You can survive by merely taking what nature has to offer. Or you can thrive by taking what nature has to offer, trimming the overgrowth, removing the briars and weeds that limit growth and cultivating it for your enjoyment. 
Me? I want to thrive. The safety of the pasture is gone. I have seen the jungle that is nature, now it is up to me to transform it into my own garden.


----------



## lifeistooshort (Mar 17, 2013)

I can honestly say that after leaving my first hb the grass is much greener on the other side. 

But sometimes it's the case that the grass is greener because it's fertilized with bullsh!t.

I didn't leave him for some dream, I left because he was a arsehole. That's why it was greener.
_Posted via Mobile Device_


----------



## Ynot (Aug 26, 2014)

lifeistooshort said:


> I can honestly say that after leaving my first hb the grass is much greener on the other side.
> 
> But sometimes it's the case that the grass is greener because it's fertilized with bullsh!t.
> 
> ...


It is true, sometimes we can't see the cow pies thru the lush grass.


----------



## Dude007 (Jun 22, 2015)

And maybe its not the marriage per se it's just life. My first wife left me and I'm so glad she did!! She's a cool gal but never should have been married to her. Don't know if she thought about greener pastures but i can assure you she didn't find any greener than me! Dude
_Posted via Mobile Device_


----------



## Elizabeth001 (May 18, 2015)

There's nothing but concrete in my marriage. I'm looking forward to grass...no matter what color it is.


----------



## Married but Happy (Aug 13, 2013)

Sometimes the grass IS greener and sweeter on the other side.
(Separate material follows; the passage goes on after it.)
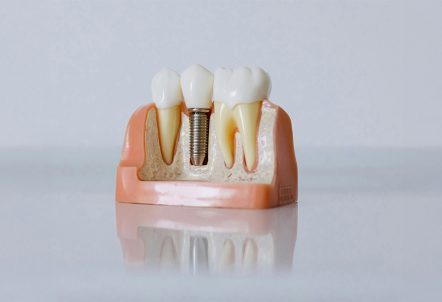 The Ultimate Guide to Dental Implants: Benefits, Procedure, and Care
As you cultivate your garden, remember that variculture (multiculture/polyculture) is ecologically healthier than monoculture practices, and also leads to a healthier diet. And metaphorically, relationships.


----------



## Dude007 (Jun 22, 2015)

Maybe it's greener for both? Sometimes a couple are just bad for each other. They could both come out winners. Dude
_Posted via Mobile Device_


----------



## Ynot (Aug 26, 2014)

Dude007 said:


> Maybe it's greener for both? Sometimes a couple are just bad for each other. They could both come out winners. Dude
> _Posted via Mobile Device_


Also true. But all too often in the immediate aftermath or the events leading up to divorce this is often something we fail to see.


----------



## Dude007 (Jun 22, 2015)

That's why if at all possible let the logical part of brain work it's magic during those times. Dude
_Posted via Mobile Device_


----------



## Ynot (Aug 26, 2014)

Dude007 said:


> That's why if at all possible let the logical part of brain work it's magic during those times. Dude
> _Posted via Mobile Device_


Easier said than done while going thru withdrawal, but I agree. I said very early in my journey that I could sit down and work it thru in my head a dozen times a day and come to the same conclusion. But damn if emotions didn't wreak turmoil.


----------



## Dude007 (Jun 22, 2015)

Are u infj?
_Posted via Mobile Device_


----------



## Ynot (Aug 26, 2014)

Dude007 said:


> Are u infj?
> _Posted via Mobile Device_


????


----------



## Dude007 (Jun 22, 2015)

Google it
_Posted via Mobile Device_


----------



## Ynot (Aug 26, 2014)

Intp


----------



## Dude007 (Jun 22, 2015)

Well ur logic side should be taking over then for sho! I'm Entp
_Posted via Mobile Device_


----------



## Nomorebeans (Mar 31, 2015)

And sometimes, if you take the time to properly care for your lawn, it stays greener than any other.


----------



## Ynot (Aug 26, 2014)

One of the issues I have with those tests is that I understand how they work. It is too easy to manipulate the results to be what you think you are rather than what you really are. That is the issue I struggling with on the other thread about flipping houses - are my conclusions driven by my desire or are they driven by reality?


----------



## Dude007 (Jun 22, 2015)

My co paid 1000k per employee for Myers Briggs consultant so I picked ENTP and computer picked Entp. I also go in personality cafe and confirm I'm total Entp. The flipping thing is possible just re is not really conducive to it like a stock but hell in the echo bubble we are in anything is possible! 

Hi NMB how are u?! Dude
_Posted via Mobile Device_


----------



## Married but Happy (Aug 13, 2013)

Ynot said:


> One of the issues I have with those tests is that I understand how they work. It is too easy to manipulate the results to be what you think you are rather than what you really are. That is the issue I struggling with on the other thread about flipping houses - are my conclusions driven by my desire or are they driven by reality?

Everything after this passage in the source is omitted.